# WHAT THE TASK ASKS
The records that follow are to be copied word for word. Pictures should be omitted.

##### RECORDS SUPPLIED

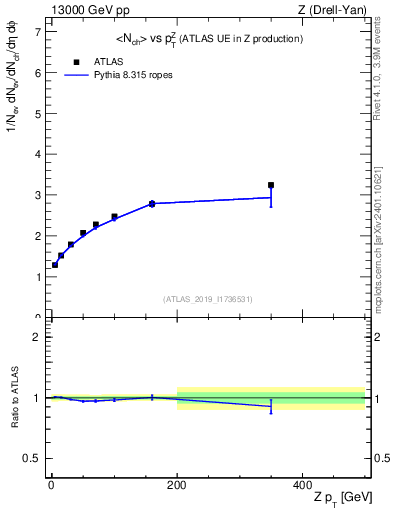 Plot of avgnch-vs-z.pt in 13000 GeV pp collisions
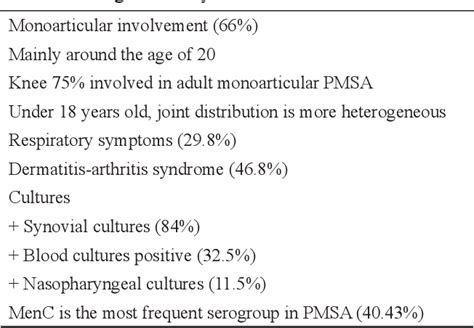 Primary meningococcal arthritis - PubMed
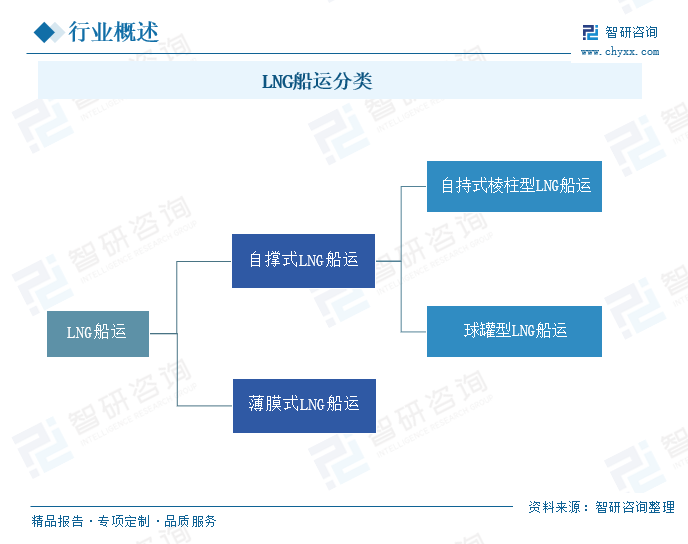 2024年中国LNG船运行业发展趋势分析：全球LNG运输船数量及运力规模逐年上涨 [图]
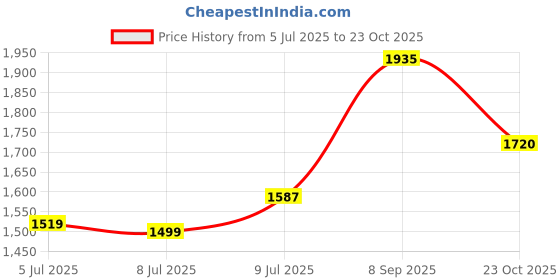 ajio.com weavllite Floral Print Co-Ord Sets weavllite Price History Graph from 5 Jul 2025 to 23 Oct 2025
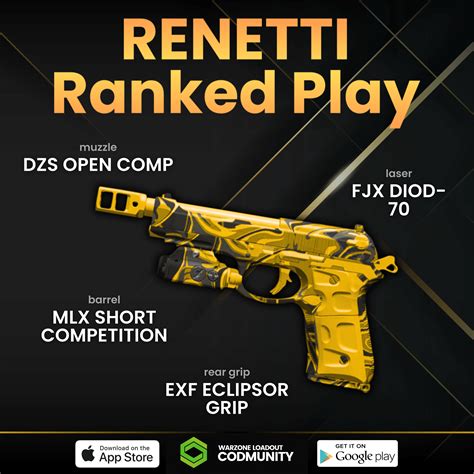 The Renetti has become a dominant part of the Call of Duty: Modern Warfare 3 and Warzone meta. As a result, fans are quite curious to learn more about the best loadout and class setup for the weapon.. 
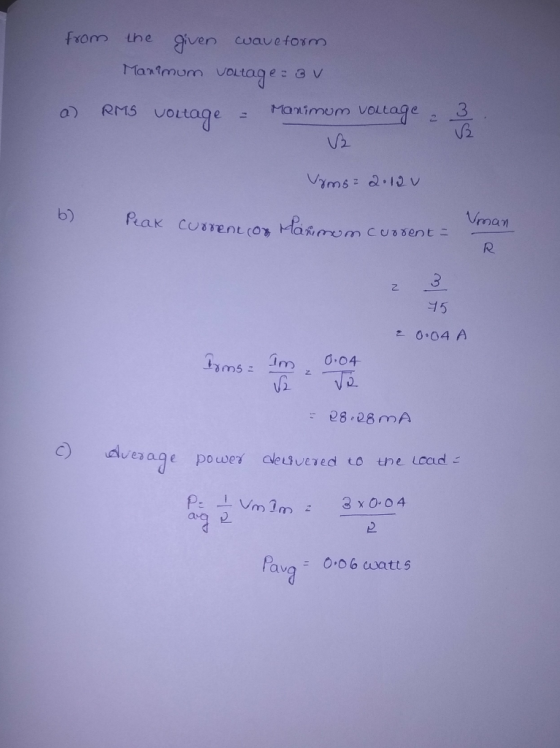 fxom the given cwauefosm Vs Vman 15 0。04 A 0.04 28 28mA )dves age powes leuvered to the Pava o6 cwatts va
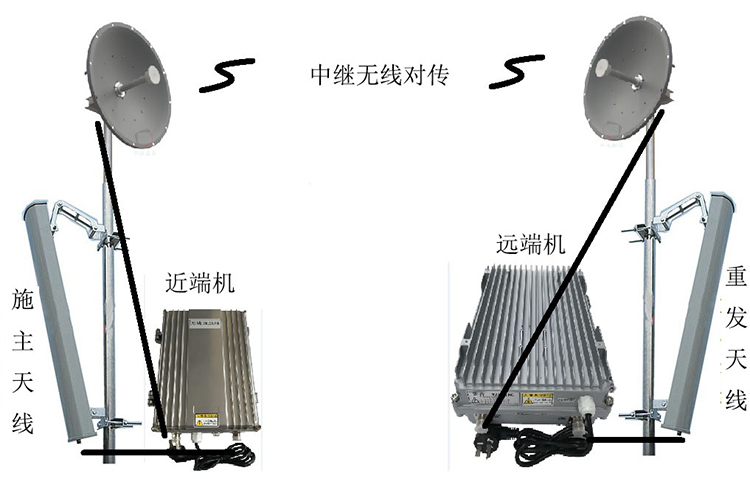 阳江智能无线拉远移频中继直放站近端机远端机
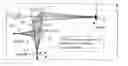 Fig. 01 - Distance measuring device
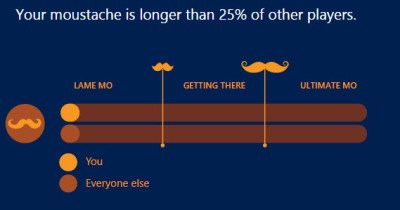 MyMoustache.net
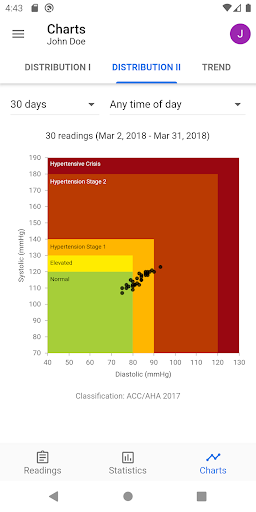 BP Journal: Blood Pressure Log PC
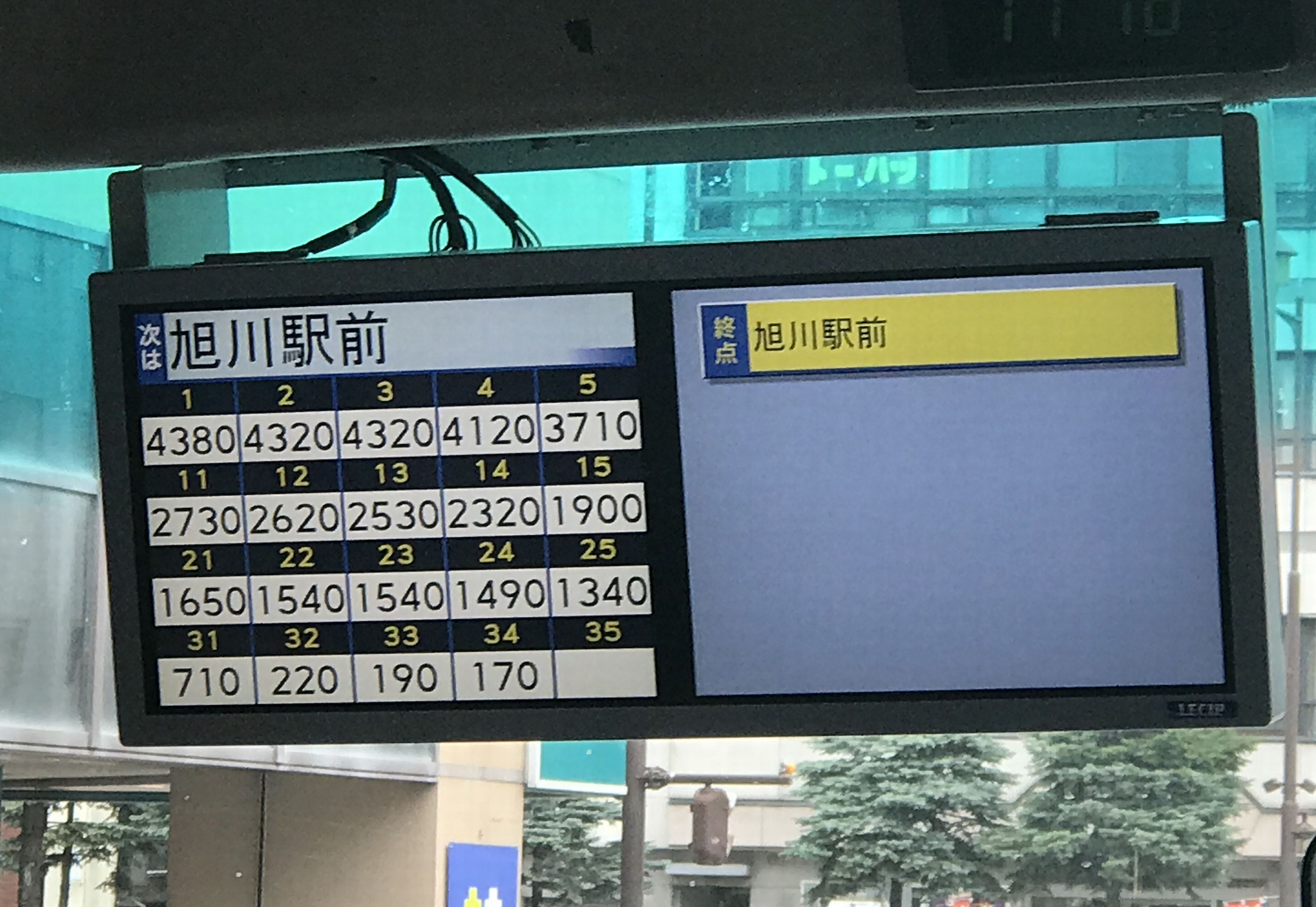 旭川駅到着！　路線バスの運賃には思えない！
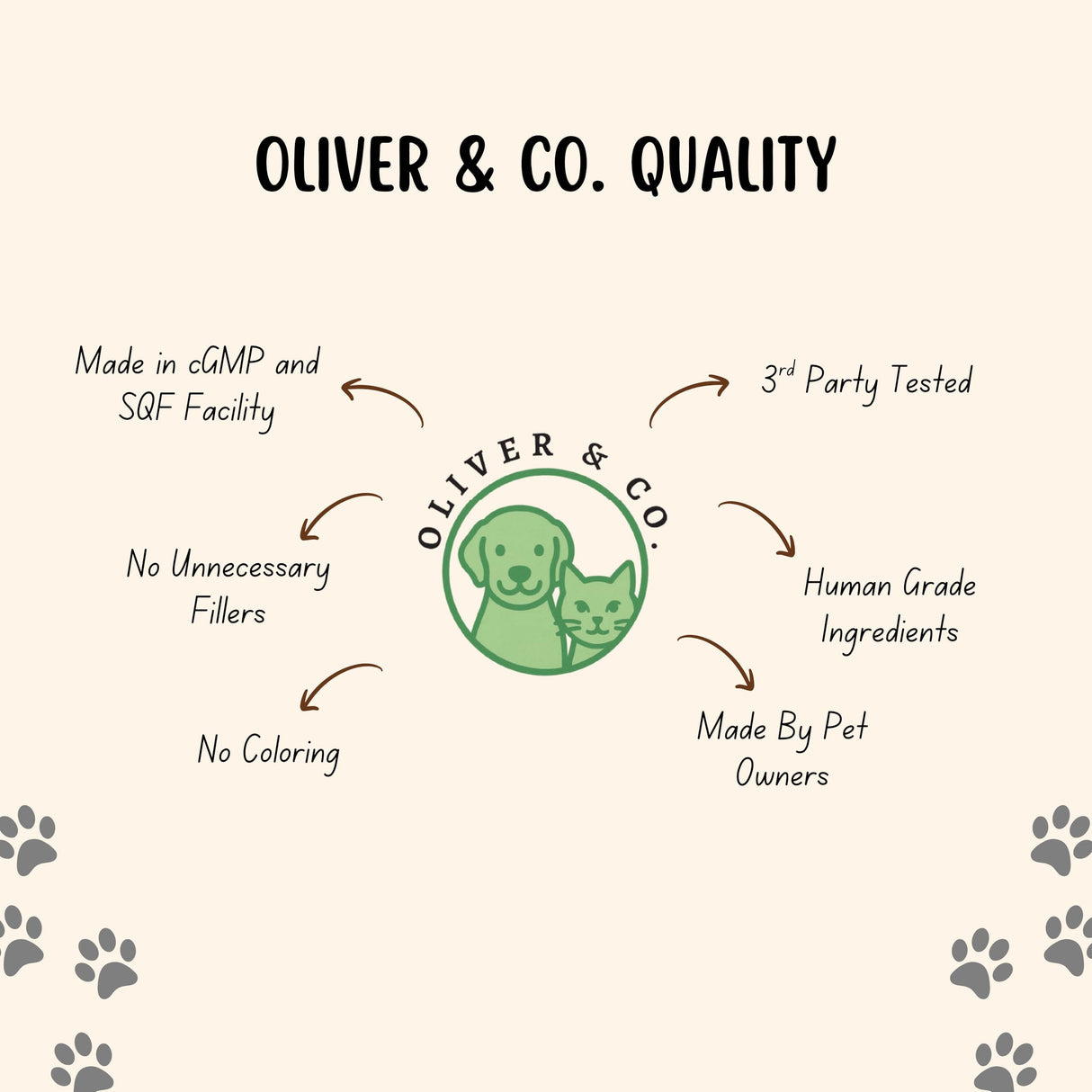 Vitamin E for Dogs - Vitamin E Oil for Dogs - Supports Healthy Skin, Coat, Joints - Supports a Healthy Immune System, Kidney Function - Dog Immune Support - 1 fl oz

##########

# ANSWER
 Plot of avgnch-vs-z.pt in 13000 GeV pp collisions
 Primary meningococcal arthritis - PubMed
 2024年中国LNG船运行业发展趋势分析：全球LNG运输船数量及运力规模逐年上涨 [图]
 ajio.com weavllite Floral Print Co-Ord Sets weavllite Price History Graph from 5 Jul 2025 to 23 Oct 2025
 The Renetti has become a dominant part of the Call of Duty: Modern Warfare 3 and Warzone meta. As a result, fans are quite curious to learn more about the best loadout and class setup for the weapon.. 
 fxom the given cwauefosm Vs Vman 15 0。04 A 0.04 28 28mA )dves age powes leuvered to the Pava o6 cwatts va
 阳江智能无线拉远移频中继直放站近端机远端机
 Fig. 01 - Distance measuring device
 MyMoustache.net
 BP Journal: Blood Pressure Log PC
 旭川駅到着！　路線バスの運賃には思えない！
 Vitamin E for Dogs - Vitamin E Oil for Dogs - Supports Healthy Skin, Coat, Joints - Supports a Healthy Immune System, Kidney Function - Dog Immune Support - 1 fl oz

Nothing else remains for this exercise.